Los médicos dicen que tengo un serio problema de concentración, pero lo que ocurre en realidad es que soy una deidad muy comprometida con sus creaciones. No es que siempre me deje el gas abierto y las llaves dentro del coche. Es que estoy demasiado ocupando rescatando princesas en reinos imaginarios, demasiado atareado mediando en conflictos armados entre continentes inventados.

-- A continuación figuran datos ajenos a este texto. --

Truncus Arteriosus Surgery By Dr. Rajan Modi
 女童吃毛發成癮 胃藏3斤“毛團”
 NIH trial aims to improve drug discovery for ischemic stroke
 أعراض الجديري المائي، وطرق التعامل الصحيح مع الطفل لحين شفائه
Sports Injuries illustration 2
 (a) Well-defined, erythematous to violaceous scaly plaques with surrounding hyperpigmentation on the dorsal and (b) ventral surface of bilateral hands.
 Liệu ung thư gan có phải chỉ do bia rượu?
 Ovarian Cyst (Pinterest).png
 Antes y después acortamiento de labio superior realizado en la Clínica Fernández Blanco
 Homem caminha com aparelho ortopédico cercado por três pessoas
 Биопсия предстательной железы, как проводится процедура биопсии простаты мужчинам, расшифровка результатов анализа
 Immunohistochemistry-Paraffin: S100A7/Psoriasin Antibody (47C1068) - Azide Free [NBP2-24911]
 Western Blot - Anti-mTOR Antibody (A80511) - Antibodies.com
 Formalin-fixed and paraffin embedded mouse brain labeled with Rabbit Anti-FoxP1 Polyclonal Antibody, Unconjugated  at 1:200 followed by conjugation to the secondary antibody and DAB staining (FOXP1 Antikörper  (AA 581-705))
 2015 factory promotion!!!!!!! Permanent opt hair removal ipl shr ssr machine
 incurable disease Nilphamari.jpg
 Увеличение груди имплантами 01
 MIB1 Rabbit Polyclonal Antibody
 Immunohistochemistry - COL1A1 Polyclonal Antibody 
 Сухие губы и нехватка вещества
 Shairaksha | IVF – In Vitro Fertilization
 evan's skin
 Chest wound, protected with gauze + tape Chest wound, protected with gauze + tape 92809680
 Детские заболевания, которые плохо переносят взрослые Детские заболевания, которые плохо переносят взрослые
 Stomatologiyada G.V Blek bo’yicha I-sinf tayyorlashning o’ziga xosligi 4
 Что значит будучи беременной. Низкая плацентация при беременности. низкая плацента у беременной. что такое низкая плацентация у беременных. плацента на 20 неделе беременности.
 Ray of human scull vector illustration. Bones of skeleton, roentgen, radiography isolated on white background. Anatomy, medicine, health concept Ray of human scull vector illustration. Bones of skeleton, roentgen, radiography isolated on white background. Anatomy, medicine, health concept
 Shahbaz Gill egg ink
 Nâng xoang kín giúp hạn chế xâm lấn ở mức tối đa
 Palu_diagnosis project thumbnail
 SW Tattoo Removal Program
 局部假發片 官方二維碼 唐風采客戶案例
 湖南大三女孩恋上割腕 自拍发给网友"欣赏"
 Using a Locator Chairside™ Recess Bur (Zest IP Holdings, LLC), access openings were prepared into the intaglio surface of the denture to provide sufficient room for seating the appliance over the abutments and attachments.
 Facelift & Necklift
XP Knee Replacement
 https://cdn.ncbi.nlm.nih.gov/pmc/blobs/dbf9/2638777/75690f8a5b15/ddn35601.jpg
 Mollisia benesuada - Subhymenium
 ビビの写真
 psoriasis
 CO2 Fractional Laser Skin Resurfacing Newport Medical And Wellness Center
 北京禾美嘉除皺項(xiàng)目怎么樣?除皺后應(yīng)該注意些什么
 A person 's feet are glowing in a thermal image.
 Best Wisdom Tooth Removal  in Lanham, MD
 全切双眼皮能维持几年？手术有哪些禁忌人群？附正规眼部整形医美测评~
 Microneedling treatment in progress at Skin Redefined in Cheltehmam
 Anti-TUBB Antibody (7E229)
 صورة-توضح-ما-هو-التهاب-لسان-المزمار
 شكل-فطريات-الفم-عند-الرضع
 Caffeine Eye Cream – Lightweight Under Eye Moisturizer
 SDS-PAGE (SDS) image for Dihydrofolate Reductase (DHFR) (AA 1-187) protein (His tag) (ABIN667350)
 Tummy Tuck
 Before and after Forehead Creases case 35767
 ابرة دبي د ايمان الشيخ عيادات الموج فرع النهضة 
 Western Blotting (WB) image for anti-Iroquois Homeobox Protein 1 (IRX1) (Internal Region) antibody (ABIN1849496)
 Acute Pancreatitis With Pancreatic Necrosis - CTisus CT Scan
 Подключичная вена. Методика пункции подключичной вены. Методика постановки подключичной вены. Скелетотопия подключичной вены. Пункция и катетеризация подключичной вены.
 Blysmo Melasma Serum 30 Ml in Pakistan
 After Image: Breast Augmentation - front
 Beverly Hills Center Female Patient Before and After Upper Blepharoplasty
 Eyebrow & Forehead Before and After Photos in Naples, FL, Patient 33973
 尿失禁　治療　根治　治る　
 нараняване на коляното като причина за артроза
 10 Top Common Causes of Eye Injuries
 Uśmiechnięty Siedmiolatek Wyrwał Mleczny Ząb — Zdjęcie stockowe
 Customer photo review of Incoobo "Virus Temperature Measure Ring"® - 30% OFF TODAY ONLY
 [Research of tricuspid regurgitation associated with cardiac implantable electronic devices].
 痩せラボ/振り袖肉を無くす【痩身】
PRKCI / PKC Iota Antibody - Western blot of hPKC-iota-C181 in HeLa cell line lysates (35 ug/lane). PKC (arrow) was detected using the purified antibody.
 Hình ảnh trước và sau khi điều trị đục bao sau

La ficción es un hijo mimado que requiere atención
constante. Los médicos no lo admitirán, pero la ficción perpetua es una
minusvalía sin reconocimiento social. Pero está claro que no soy exageradamente
despistado, sino un padre protector que
no le quita ojo a sus abortos mentales. Y la prueba de mi férrea capacidad de concentración
es que jamás me he quedado embobado bajo ninguna circunstancia. He organizado cenas de gala y ganado medallas
olímpicas mientras cruzaba la calle. He visto rayos C brillar en la oscuridad cerca
de las puertas de Tannhaüser cuando se me estaba quemando la cena. He llegado incluso a seducir
y colonizar a todas y cada una de las cheerleaders de los Lakers a cámara lenta,
pero nunca, jamás, he mirado el reloj tres veces seguidas en menos de un minuto.